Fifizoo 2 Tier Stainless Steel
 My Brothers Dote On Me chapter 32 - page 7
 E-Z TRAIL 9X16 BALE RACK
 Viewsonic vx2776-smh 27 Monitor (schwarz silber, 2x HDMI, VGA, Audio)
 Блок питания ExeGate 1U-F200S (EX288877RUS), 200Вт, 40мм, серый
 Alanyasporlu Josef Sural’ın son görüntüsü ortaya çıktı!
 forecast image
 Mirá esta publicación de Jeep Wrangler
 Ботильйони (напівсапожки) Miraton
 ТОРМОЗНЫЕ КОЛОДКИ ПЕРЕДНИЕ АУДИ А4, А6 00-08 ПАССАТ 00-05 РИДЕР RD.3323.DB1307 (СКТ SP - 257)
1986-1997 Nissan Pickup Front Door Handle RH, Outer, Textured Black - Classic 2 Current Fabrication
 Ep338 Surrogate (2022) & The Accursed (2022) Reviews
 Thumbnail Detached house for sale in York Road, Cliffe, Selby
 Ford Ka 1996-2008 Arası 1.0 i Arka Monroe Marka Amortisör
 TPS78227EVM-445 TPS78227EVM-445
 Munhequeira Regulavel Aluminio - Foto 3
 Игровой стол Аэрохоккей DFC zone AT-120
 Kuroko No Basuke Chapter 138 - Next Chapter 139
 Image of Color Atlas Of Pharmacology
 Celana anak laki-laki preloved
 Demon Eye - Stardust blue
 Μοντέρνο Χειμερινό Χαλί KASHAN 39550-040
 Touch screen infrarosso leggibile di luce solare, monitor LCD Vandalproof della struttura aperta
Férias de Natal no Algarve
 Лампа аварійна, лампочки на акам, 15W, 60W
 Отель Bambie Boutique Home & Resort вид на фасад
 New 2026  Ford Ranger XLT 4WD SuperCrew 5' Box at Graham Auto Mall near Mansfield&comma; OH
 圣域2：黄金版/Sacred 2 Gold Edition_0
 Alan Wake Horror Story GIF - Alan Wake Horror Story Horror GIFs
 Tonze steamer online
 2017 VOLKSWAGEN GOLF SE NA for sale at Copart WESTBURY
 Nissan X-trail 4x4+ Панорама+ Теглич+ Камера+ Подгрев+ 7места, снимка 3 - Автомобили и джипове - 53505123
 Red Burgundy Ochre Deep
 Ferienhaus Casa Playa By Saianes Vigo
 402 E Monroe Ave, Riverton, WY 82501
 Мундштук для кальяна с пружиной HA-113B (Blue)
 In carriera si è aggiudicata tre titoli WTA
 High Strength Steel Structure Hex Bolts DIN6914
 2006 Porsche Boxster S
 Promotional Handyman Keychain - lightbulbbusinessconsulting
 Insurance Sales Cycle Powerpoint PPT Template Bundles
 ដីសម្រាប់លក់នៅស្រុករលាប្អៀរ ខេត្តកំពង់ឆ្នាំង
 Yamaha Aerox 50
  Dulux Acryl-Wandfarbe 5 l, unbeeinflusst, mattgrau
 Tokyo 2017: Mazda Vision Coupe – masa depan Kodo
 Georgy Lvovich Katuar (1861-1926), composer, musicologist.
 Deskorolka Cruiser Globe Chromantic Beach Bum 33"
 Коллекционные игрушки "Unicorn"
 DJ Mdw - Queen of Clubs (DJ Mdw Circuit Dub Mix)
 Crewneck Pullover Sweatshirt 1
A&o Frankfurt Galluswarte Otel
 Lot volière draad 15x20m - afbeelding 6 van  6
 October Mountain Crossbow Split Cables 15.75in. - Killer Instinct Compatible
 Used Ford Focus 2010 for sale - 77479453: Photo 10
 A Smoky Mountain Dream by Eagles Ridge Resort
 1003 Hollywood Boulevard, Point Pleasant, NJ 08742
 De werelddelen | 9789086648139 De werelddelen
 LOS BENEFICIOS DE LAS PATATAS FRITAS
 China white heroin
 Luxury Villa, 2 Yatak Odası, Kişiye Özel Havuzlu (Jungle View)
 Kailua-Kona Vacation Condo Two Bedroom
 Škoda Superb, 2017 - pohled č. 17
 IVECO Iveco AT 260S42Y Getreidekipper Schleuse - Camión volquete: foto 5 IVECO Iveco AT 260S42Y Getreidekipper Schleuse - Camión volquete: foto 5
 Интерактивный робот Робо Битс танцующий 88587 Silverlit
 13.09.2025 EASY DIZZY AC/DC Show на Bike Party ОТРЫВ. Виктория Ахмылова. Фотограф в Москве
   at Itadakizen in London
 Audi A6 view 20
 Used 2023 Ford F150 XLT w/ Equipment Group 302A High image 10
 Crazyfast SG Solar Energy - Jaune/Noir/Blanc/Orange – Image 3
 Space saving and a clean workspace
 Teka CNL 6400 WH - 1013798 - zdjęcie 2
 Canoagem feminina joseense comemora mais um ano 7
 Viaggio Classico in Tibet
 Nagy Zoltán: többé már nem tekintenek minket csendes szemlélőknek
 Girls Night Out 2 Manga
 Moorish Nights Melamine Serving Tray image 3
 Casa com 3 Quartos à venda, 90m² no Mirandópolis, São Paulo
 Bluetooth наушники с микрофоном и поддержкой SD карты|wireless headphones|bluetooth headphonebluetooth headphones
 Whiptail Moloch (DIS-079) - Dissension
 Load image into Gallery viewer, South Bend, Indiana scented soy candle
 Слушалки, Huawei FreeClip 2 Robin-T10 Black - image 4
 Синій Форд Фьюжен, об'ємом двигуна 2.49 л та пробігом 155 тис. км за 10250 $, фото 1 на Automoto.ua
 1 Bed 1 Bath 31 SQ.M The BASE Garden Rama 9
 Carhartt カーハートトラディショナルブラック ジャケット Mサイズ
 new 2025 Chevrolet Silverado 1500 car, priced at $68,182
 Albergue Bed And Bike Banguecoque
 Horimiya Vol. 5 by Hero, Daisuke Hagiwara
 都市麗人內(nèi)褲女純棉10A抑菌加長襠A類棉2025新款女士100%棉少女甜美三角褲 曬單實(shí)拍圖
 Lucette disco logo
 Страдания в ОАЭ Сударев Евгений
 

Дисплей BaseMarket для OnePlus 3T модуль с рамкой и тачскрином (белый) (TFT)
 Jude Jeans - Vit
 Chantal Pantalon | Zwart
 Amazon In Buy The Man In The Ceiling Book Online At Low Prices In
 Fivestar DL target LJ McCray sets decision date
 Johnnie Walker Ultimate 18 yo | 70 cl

> _What to work on_: Would you please write out, exactly and with no other lines, the stretch of the listing above from the line containing "Luxury Villa, 2" through the line containing "Škoda Superb, 2017 - pohled č. 17"?

> _Response_:
 Luxury Villa, 2 Yatak Odası, Kişiye Özel Havuzlu (Jungle View)
 Kailua-Kona Vacation Condo Two Bedroom
 Škoda Superb, 2017 - pohled č. 17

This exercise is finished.